Provided data: Begin
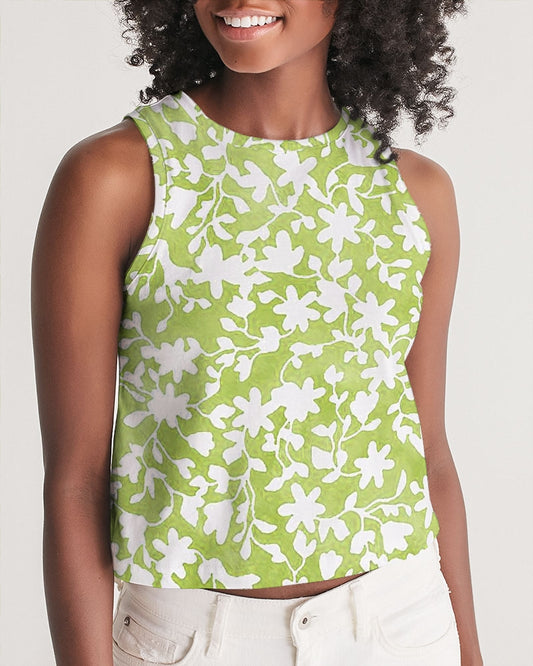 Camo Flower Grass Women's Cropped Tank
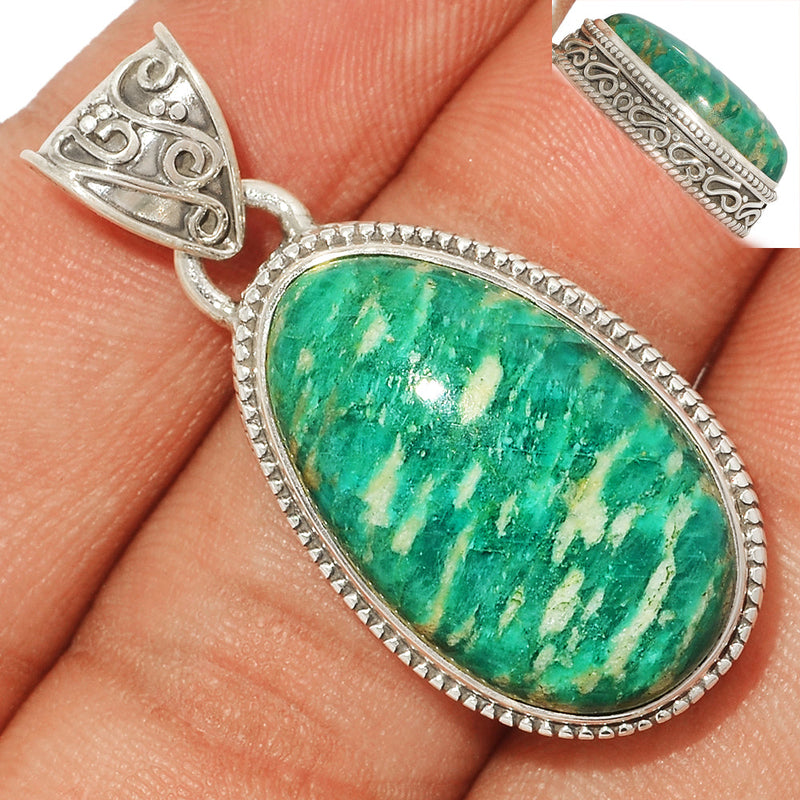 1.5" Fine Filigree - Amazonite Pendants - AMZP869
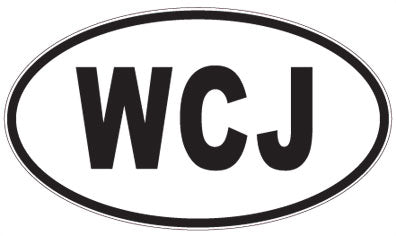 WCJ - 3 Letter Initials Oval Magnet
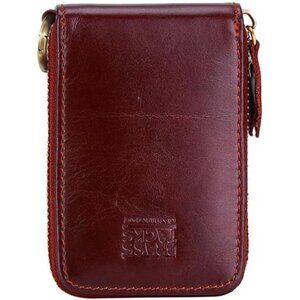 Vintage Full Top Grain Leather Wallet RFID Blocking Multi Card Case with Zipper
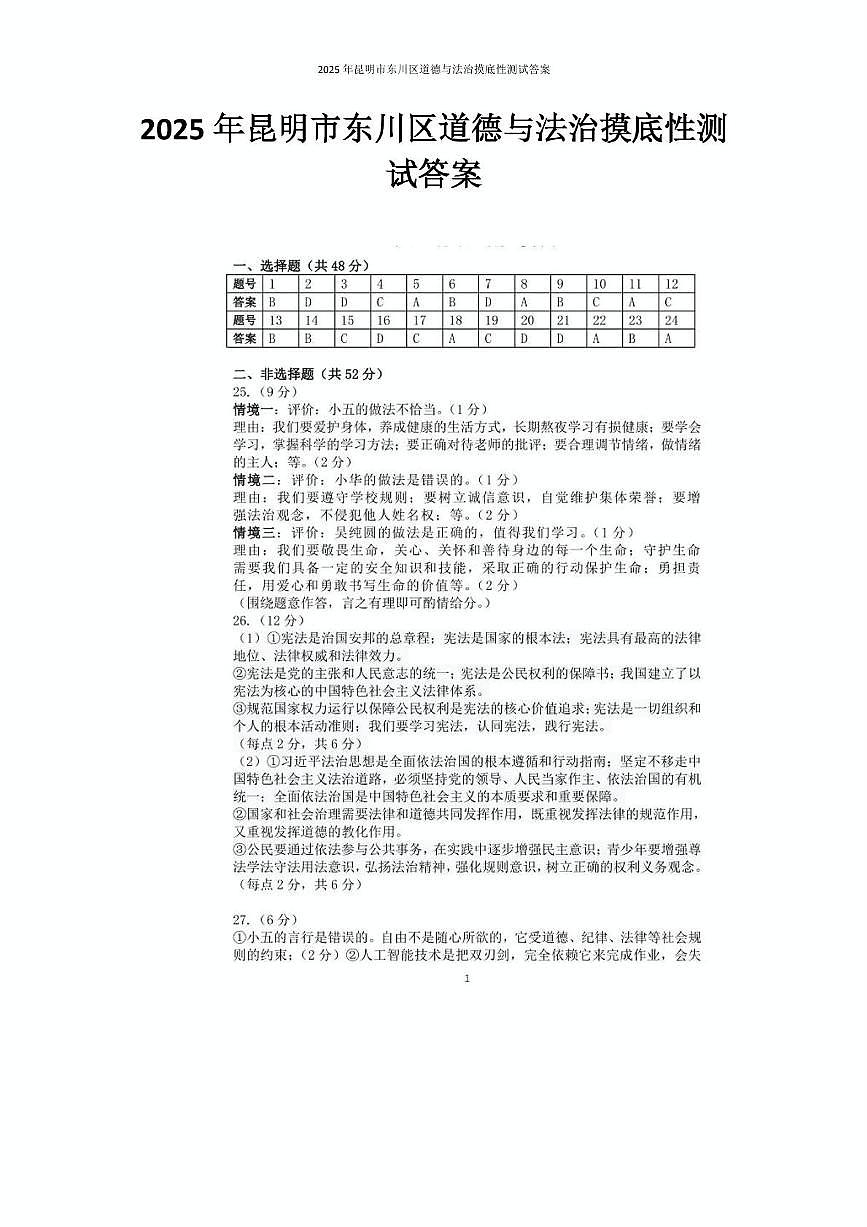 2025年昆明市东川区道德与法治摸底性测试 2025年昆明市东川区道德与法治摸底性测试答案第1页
Provided data: End
Provided data: Begin
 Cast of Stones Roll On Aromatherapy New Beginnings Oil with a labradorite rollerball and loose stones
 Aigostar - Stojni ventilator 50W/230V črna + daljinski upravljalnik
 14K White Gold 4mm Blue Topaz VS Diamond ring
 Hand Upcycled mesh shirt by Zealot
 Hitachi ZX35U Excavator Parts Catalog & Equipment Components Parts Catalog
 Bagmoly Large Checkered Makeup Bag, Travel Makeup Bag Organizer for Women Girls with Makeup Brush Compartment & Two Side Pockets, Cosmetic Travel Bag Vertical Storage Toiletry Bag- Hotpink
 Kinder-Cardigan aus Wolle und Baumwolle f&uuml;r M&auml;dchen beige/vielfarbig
Provided data: End
• _Exercise requirements_
From the records above, copy exactly the lines starting at the one with "Camo Flower Grass Women's Cropped Tank" and ending at the one with "2025年昆明市东川区道德与法治摸底性测试 2025年昆", and no others. Pictures stay out.

• _Solution for this exercise_
 Camo Flower Grass Women's Cropped Tank
 1.5" Fine Filigree - Amazonite Pendants - AMZP869
 WCJ - 3 Letter Initials Oval Magnet
 Vintage Full Top Grain Leather Wallet RFID Blocking Multi Card Case with Zipper
 2025年昆明市东川区道德与法治摸底性测试 2025年昆明市东川区道德与法治摸底性测试答案第1页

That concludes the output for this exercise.